Miffed that I’m not involved with England cricket team as spin coach, says Graeme Swann

Former England cricketer Graeme Swann is disappointed that he never got a chance to coach English spinners after his retirement.

Former England cricketer and veteran off spinner Graeme Swann. (Reuters Photo)


  • Graeme Swann has expressed an old desire to coach England
  • Swann has revealed that Monty Panesar and he never listened to spin coaches
  • Swann retired in 2013 after which Saqlain Mushtaq was spin coach

Veteran off-spinner Graeme Swann has expressed is long-term desire to coach the English cricket team as he believes that the spinners need the right guidance. The former England cricketer, who retired in 2013, is disappointed to have not worked with current off-spinner Dom Bess.

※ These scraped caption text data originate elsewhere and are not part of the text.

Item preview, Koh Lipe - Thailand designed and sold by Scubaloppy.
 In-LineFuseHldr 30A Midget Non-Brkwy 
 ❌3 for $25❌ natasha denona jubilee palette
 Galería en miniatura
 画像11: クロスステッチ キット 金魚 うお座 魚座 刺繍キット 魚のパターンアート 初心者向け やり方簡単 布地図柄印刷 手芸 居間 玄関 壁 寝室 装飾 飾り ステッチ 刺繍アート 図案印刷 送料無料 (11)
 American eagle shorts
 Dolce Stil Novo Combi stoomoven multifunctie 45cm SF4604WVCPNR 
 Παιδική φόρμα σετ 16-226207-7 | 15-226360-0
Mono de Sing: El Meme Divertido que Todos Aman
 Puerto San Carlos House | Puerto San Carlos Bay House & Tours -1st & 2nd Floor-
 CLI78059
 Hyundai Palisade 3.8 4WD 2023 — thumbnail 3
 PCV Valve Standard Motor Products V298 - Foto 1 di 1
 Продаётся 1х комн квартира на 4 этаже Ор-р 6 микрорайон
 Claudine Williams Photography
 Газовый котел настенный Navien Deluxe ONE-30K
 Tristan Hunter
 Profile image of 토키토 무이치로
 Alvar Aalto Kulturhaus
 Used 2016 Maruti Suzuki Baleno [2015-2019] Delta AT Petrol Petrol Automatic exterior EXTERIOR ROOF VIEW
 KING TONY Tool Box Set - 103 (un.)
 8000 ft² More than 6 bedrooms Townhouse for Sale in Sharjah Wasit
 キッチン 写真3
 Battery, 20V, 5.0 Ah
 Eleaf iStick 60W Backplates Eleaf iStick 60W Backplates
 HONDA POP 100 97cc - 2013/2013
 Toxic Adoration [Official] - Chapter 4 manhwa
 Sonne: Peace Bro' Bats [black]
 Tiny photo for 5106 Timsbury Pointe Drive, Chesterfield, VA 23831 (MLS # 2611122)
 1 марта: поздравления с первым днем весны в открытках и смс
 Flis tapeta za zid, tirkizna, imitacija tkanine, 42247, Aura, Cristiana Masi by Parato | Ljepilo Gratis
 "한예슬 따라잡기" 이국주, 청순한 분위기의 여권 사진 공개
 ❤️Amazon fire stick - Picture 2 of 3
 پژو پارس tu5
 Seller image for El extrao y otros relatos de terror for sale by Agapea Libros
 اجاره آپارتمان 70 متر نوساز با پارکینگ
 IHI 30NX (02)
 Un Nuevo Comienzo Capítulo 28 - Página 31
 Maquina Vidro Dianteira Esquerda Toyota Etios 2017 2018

“I have never worked with him. The only time I’ve spoken to him was on a Zoom call on Sky Sports with Rob Key. He bowls a lot in straight lines he sort of pushes it out,” Swann said, as quoted by The Cricketer.

“Off-spin should be bowled coming across your body, like an outswinger action. All off-spinners should be able to bowl a decent away swinger. Bess gets two or three balls right every so often and pitches it perfectly. But it’s an almost an accident. It’s not hard to fix. He just needs to change his body position and alter his arm height and come right across his body and he’d spin it twice as hard as he does now.”

Swann has recalled England’s tour of India in 2012 and how Monty Panesar and he had been successful in the Indian subcontinent conditions. The 41-year-old Swann, who played 60 Tests for England, is angry that he never got to coach the spinners in English cricket after his retirement.

“I never listened to coaches growing up. They were wrong. The reason Monty (Panesar) and I did so well in India in 2012 is because I never listened to coaches and Monty never understood coaches. We won’t win in India without a proper specialist spinner. Spin is not a part-time occupation. English cricket has to get away from that mentality if they hope to move forward with bowling spin or batting against spin,” he added

“I am miffed that I am not involved. The second you finish playing is when you’re most valuable as a coach. You know the game, the players intimately. If Jimmy Anderson finishes playing and they make him coach Lancashire’s second team to get his stripes that will be the biggest crime in the world. Arguably as soon as I finished, I should have been asked to coach the spinners. That was when I was most relevant, knew the players and the game inside out.”